Collected material |
######

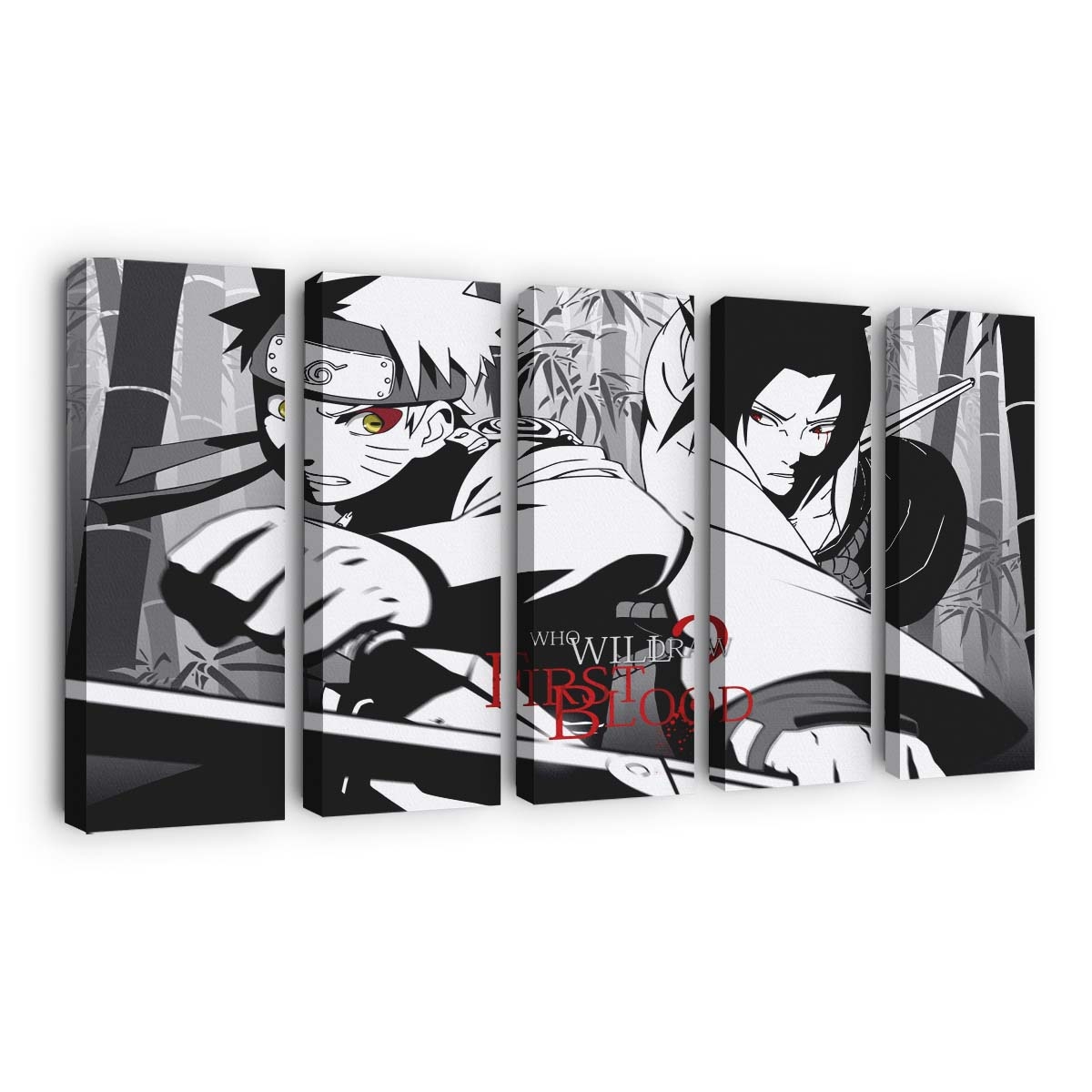 Anime Battle Cartoon Guys Posture - Anime Wandbild - Leinwandbild animeillustrationbattlecartoonguysposture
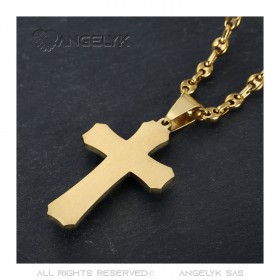 PE0208CAF BOBIJOO Jewelry Men's cross pendant Steel Gold Coffee bean necklace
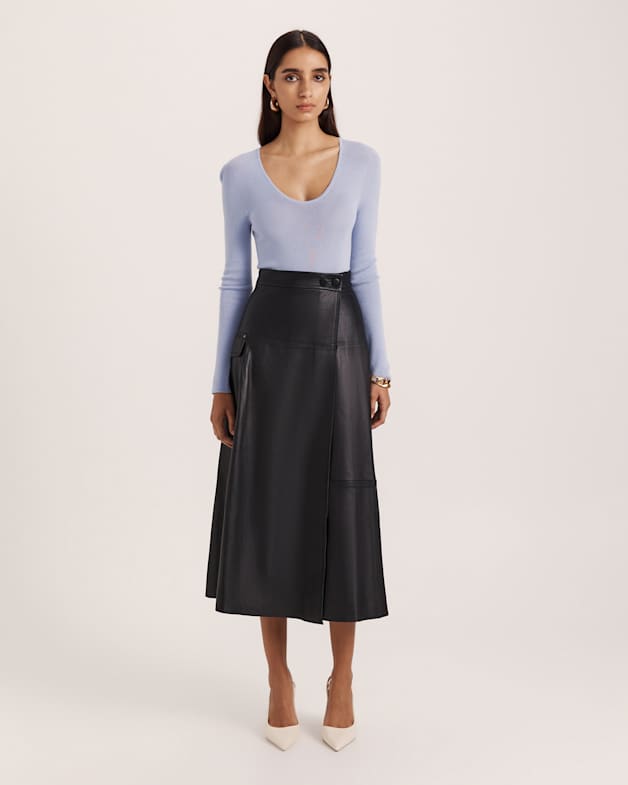 Black Leather Look Panelled A-Line Midi Skirt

######

Task |
Give the listing again exactly, minus its images.

Answer to this problem |
 Anime Battle Cartoon Guys Posture - Anime Wandbild - Leinwandbild animeillustrationbattlecartoonguysposture
 PE0208CAF BOBIJOO Jewelry Men's cross pendant Steel Gold Coffee bean necklace
 Black Leather Look Panelled A-Line Midi Skirt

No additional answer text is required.